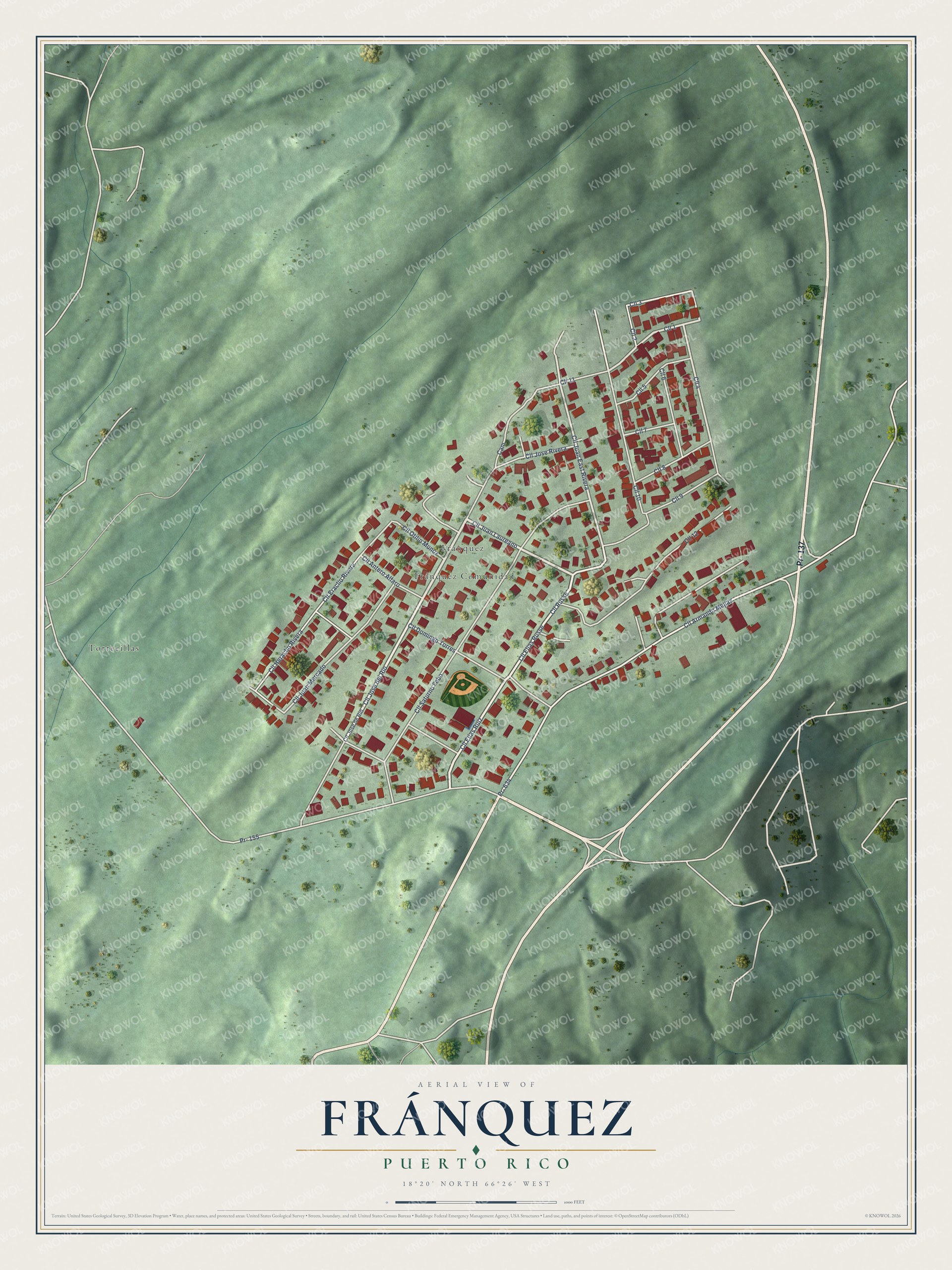 Full map of Fránquez, Puerto Rico, with red buildings, printed street names and the land around them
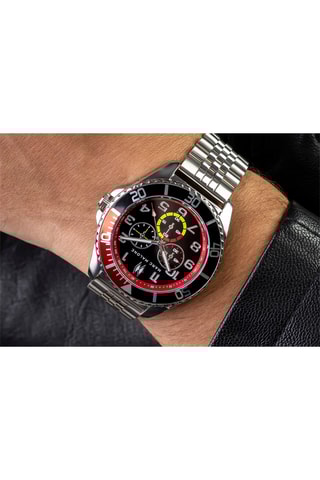 Reloj de cuarzo de acero - Plateado y negro - Marc Malone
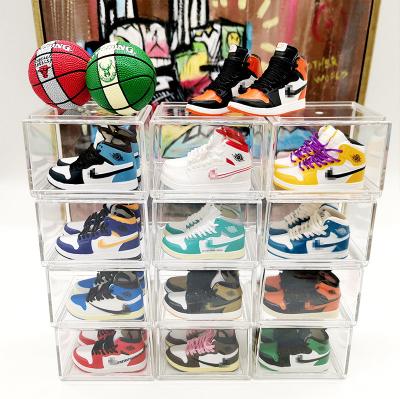 China Wholesale Gifts Factory Price Customized Cute Sneaker Shoes Cute Accessories AJ1 Jordan 3D Model Mini NBA Bag Chain With Mini Box for sale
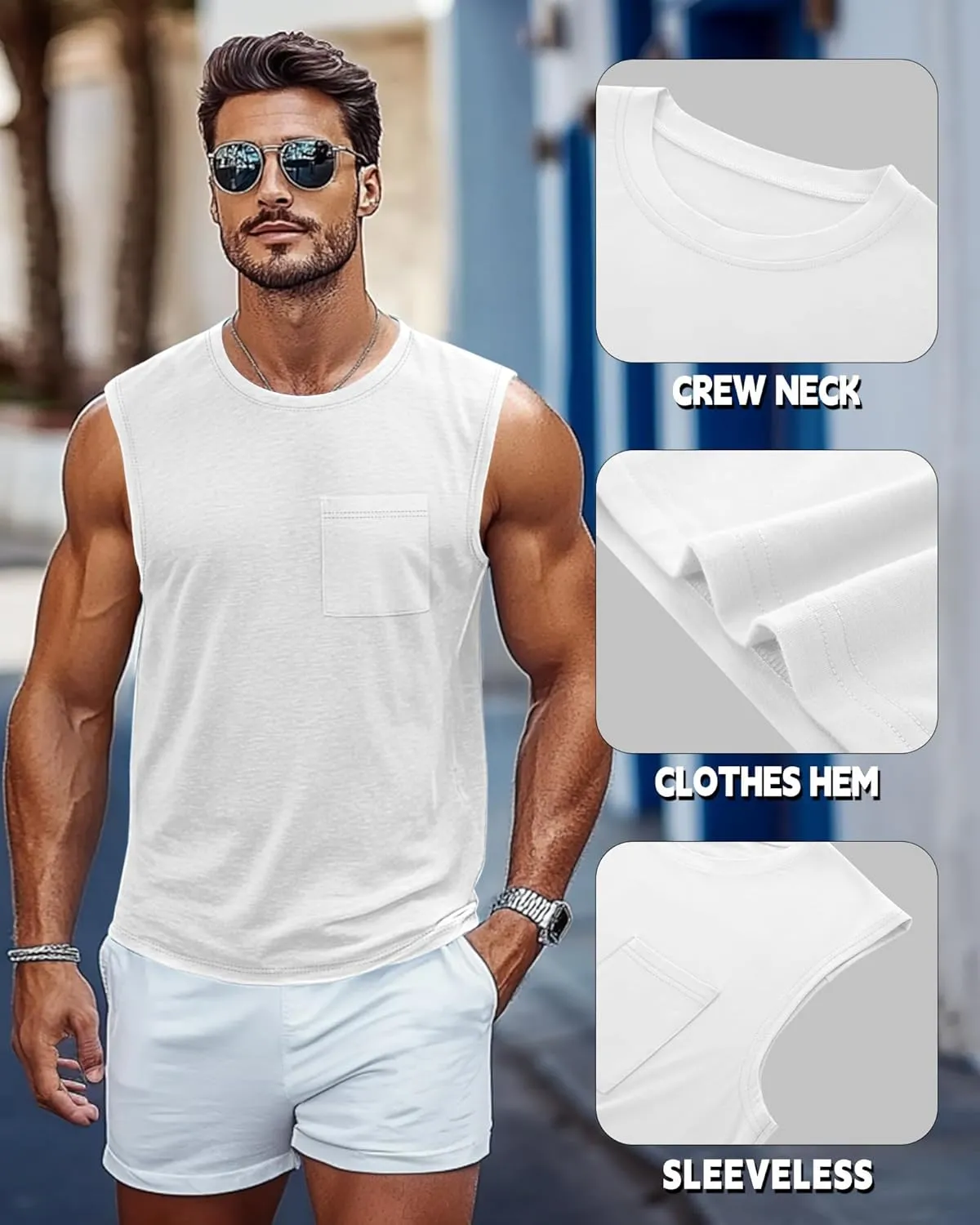 Huukeay 3 Pack Cotton Men's Big and Tall Sleeveless Tank Tops Muscle Shirts Gym Casual Workout Tees with Pocket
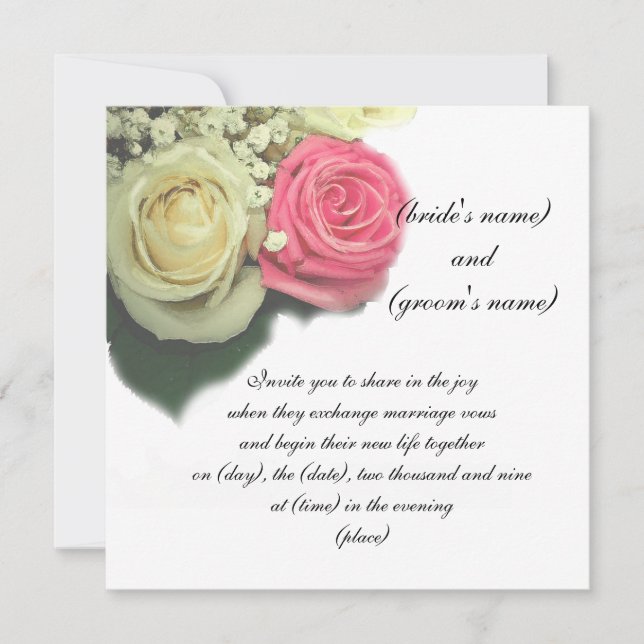 Rose, Blumen, Einladung zur Hochzeit, Muster (Vorderseite)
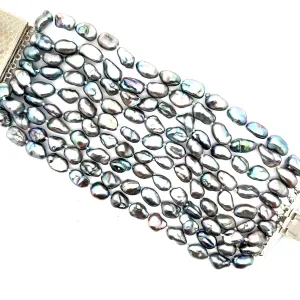 Gray Pearl Multistrand Bracelet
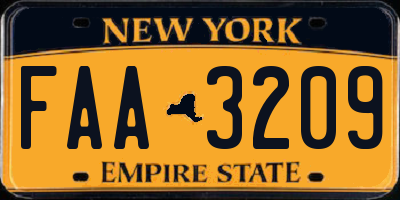 NY license plate FAA3209
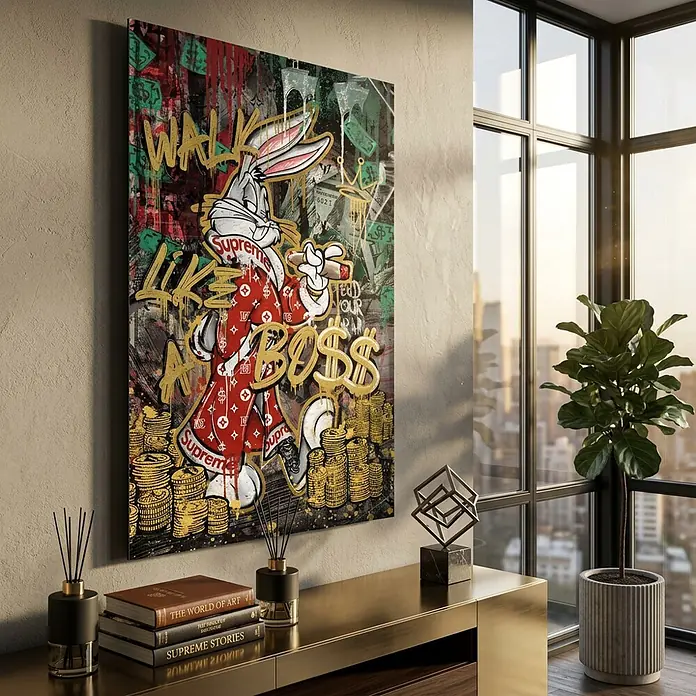 Dotcomcanvas Decopanel - Walk Like a Boss, B x H: 58 x 90 cm - Großes Street-Art-Leinwandbild mit Bugs Bunny in Supreme-Outfit, Zigarre rauchend, umgeben von Geld, Text "WALK LIKE A BOSS", in modernem Raum.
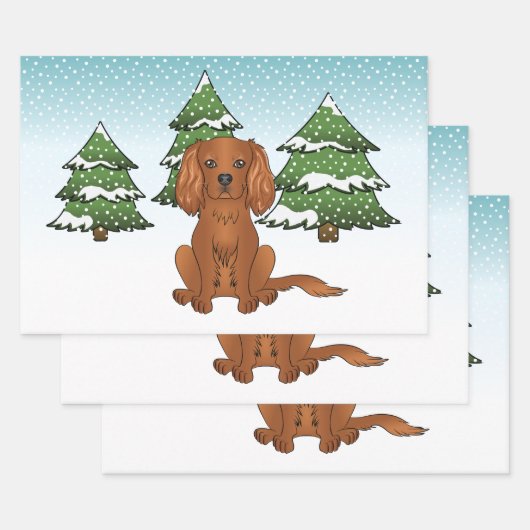 Ruby Cavalier King Charles Spaniel in Winter Inpakpapier Vel (Set)
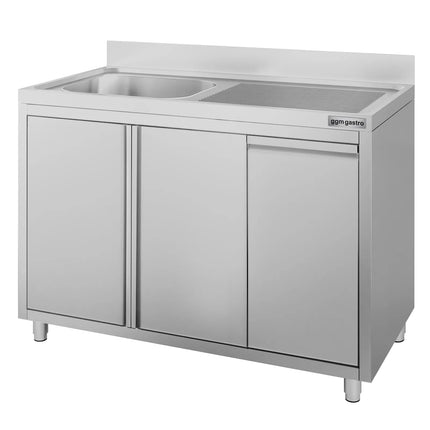 GGM Gastro Commercial Sink Cabinet ECO - 1200x600mm - with waste bin & 1 bowl left-hand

What is being asked:
Starting with the line containing "China Wholesale Gifts" and ending with the last line of the records above, write out each line exactly; no pictures.

Task result:
 China Wholesale Gifts Factory Price Customized Cute Sneaker Shoes Cute Accessories AJ1 Jordan 3D Model Mini NBA Bag Chain With Mini Box for sale
 Huukeay 3 Pack Cotton Men's Big and Tall Sleeveless Tank Tops Muscle Shirts Gym Casual Workout Tees with Pocket
 Rose, Blumen, Einladung zur Hochzeit, Muster (Vorderseite)
 Gray Pearl Multistrand Bracelet
 NY license plate FAA3209
 Dotcomcanvas Decopanel - Walk Like a Boss, B x H: 58 x 90 cm - Großes Street-Art-Leinwandbild mit Bugs Bunny in Supreme-Outfit, Zigarre rauchend, umgeben von Geld, Text "WALK LIKE A BOSS", in modernem Raum.
 Ruby Cavalier King Charles Spaniel in Winter Inpakpapier Vel (Set)
 GGM Gastro Commercial Sink Cabinet ECO - 1200x600mm - with waste bin & 1 bowl left-hand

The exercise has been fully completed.